Sowie Ernst Bloch dem Tagtraum seine Würde als utopische Potenz und wirklichkeit-setzende Projektmacht verlieh, so müsste sich die Schaumdeutung als politische Ontologie der animierten Binnen-Räume konstituieren. In ihr würde das Zerbrechlichste als das Herzstück des Wirklichen begriffen. Wenn der Nachweis gelänge, dass das Schaumartige das Zukunftsträchtige sein kann, zeugungsmächtig ist, wäre dem substanzialistischen Vorurteil die Grundlage entzogen. Eben dies wird im Band III unternommen.
Das weltalterlang Verächtlich-Gemachte, das scheinbar Frivole, das nur auf seine Implosion hin Existierende gewänne seinen Anteil an der Definition des Realen zurück. Man begreift dann: Das Schwebende ist Grundgebendes der besonderen Art; das Hohle eine Erfülltheit eigenen Rechts; das Fragile als Ort und Modus des Wirklichen zu bedenken; das Unwiederholbare gegenüber dem Seriellen das höhere Phänomen. Aber: ein „wesentlicher Schaum“? geht denn das?

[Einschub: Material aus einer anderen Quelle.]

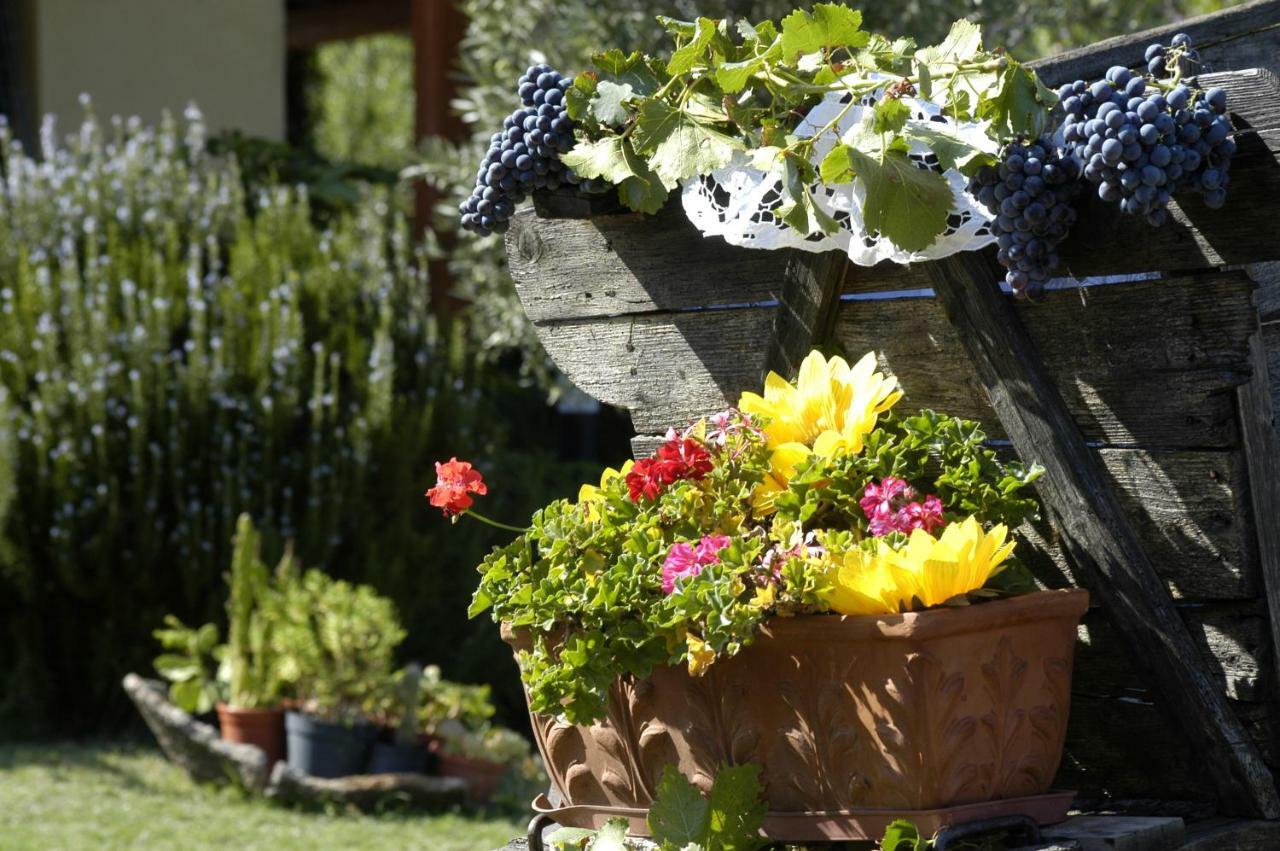 Agriturismo Campesi Casale Tra Le Vigne أغلينتو المظهر الخارجي الصورة
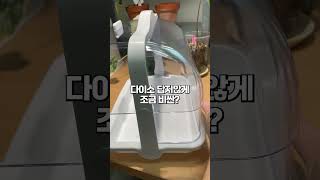 단돈 5천원으로 온실을 만든다? #식물 #다이소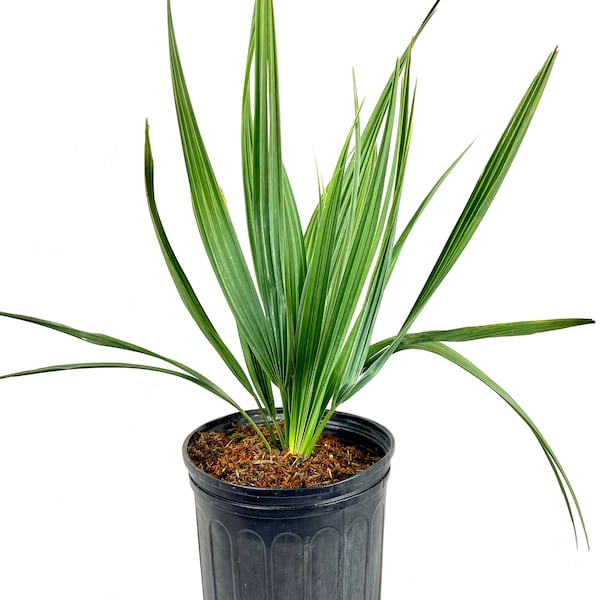 Sabal Minor - Dwarf Blue Stem Palmetto Palm - Live Plant in a 10 Inch Growers Pot - Native Ornamental Palms from Florida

Fruchtbare Schäume – Mythologisches Zwischenspiel
Sobald man vor die Epoche volksontologisch und substanzmetaphysisch motivierter Schaumverachtung zurückgeht, zeigt sich die Relevanz der Figur des „fruchtbaren Schaums“.
Hesiod hat um 700 vor Christus, in der Erzählung von der Schaumgeburt der Göttin Aphrodite, die Liaison von Schaumgeburt und generativer Potenz für die westliche Überlieferung unvergesslich gemacht. Dem Dichter gelingt das Denkbild eines Schaums, dem nicht nur Formkraft zukommt, sondern auch Geburtsfähigkeit und generative Wirksamkeit zu Schönem, Reizvollem, Vollendetem.
Auch im altindischen Mythos vom Beschluss der himmlischen den Ozean durch Verquirlung zum Schäumen zu bringen, um daraus den Nektar der Unsterblichkeit zu gewinnen. In den indischen Erzählungen wird deutlich, dass sie eine Handlung präsentieren der unter alchemistischen Zügen ein unverkennbarer Produktions -charakter zukommt: aus der Erzeugung aus Schaum tritt die Erzeugung von Schaum hervor. Die Analogie zur Butterzubereitung drängt sich hier auf – zumal in einer Kultur die Gussspenden aus Butter ins Opferfeuer zur Götterehrung einbrachte.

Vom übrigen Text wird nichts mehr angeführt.